Nevertheless, the condition is considered sufficiently prevalent that every last resident in Epuni quickly becomes familiar with the Maori-language appellation — kuta — for the microscopic brown creatures that cause itching, sores and skin breaks. Accordingly, every newcomer is coated with a thick lotion, smothered across his entire body, almost as soon as the police deposit him on the doorstep and a staff member has managed to bundle him into the first available shower. The lotion needs to be applied only after the boy is dry, however, so first he is required to stand naked until the water has evaporated from his head; only then may the supervising housemaster dip a paint-brush into a pail of cream and use it to coat the boy’s entire head and body.
Because there is no product or method which actually
guarantees the destruction of these eggs or hatched lice after a single treatment, the youngster will go without a shower for the next seven days while the lotion supposedly does its work. So while the ubiquity of the treatment may or may not arrest the spread of the kuta, the presence of the paste on so many unwashed bodies lends the institution its notably pungent air.
Like everything else at Epuni, the kuta ritual is performed strictly according to the book — or more precisely, the manual — with something approaching the same degree of attention a medieval schoolman might have given the works of Aquinas. Over the decades, first on the administrative watch of the Child Welfare Branch of the Department of Education and more recently the Department of Social Welfare, these weighty black- and
green-bound
tomes have been promulgated for the guidance of staff.
These manuals enjoy a certain pride of place inside the main administrative office, a room of neatly typed instructions, official papers and 121 separate key sites, which otherwise resembles nothing so much as the cell of a slovenly monk. The
Field Workers’ Manual
, dating back to the late 1950s, is one; another is the venerable
Social Workers’ Manual
, which was first produced around 1970. Together they sit among other duty books and daily logs of activity recording significant events relating to a child (health checks, corporal punishment, time spent in solitary confinement) that staff working on one shift might need to communicate to others.
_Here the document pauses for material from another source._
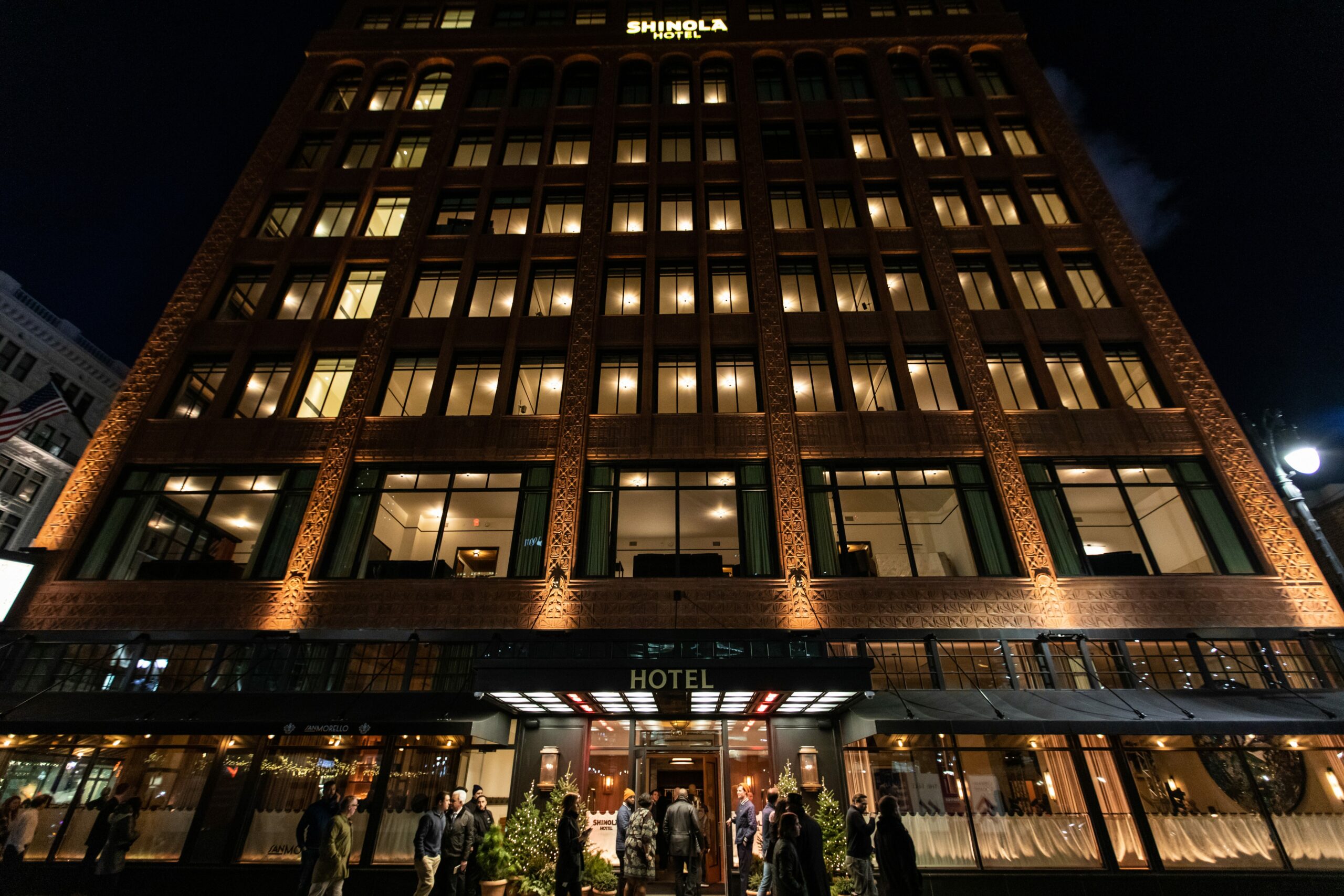 Historic commercial renovation, Shinola Hotel, entrance at night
Workers are expected to know, as well, the content of the new Children and Young Persons Act 1974, passed with some political fanfare last November and effective from the previous April, in the interests of revising and consolidating the earlier Child Welfare Act of 1925. Finally, for good measure, this past year has seen a new
Residential Workers’ Manual
and a
Principal’s Handbook
, which like all the others are already evolving and growing over time with
various insertions and modifications as the official mood dictates.